An exact transcription of all the data is required, with every image removed.

GIVEN MATERIAL =>
::::::::::

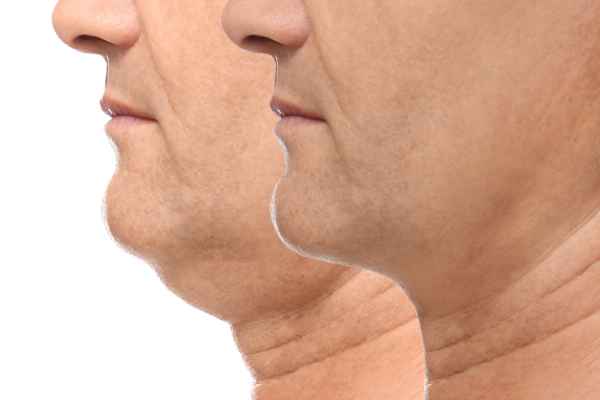 HIFU - Breakthrough in Anti - ageing 2 hifu results Maplehurst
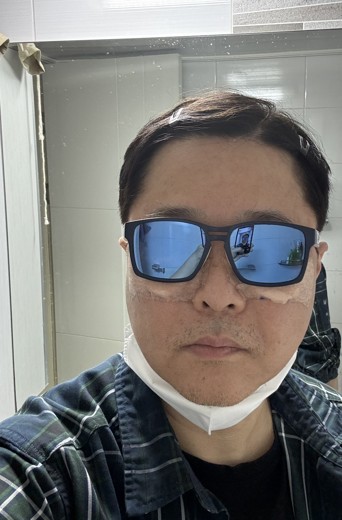 after photo: 눈밑지방재배치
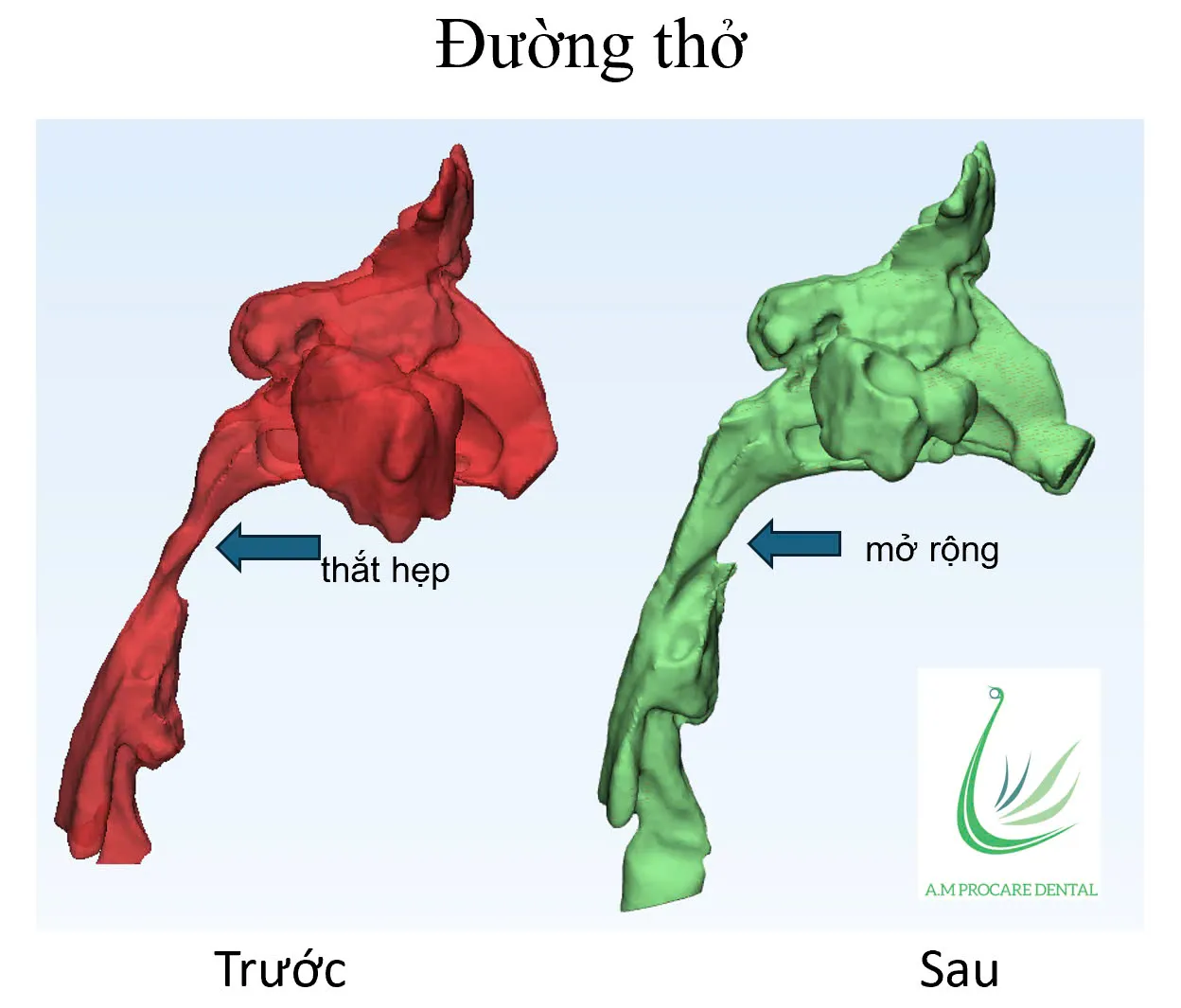 Ngủ ngáy, ngủ há miệng có thể là biểu hiện bệnh lý ngừng thở khi ngủ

::::::::::

ANSWER BELOW =>
 HIFU - Breakthrough in Anti - ageing 2 hifu results Maplehurst
 after photo: 눈밑지방재배치
 Ngủ ngáy, ngủ há miệng có thể là biểu hiện bệnh lý ngừng thở khi ngủ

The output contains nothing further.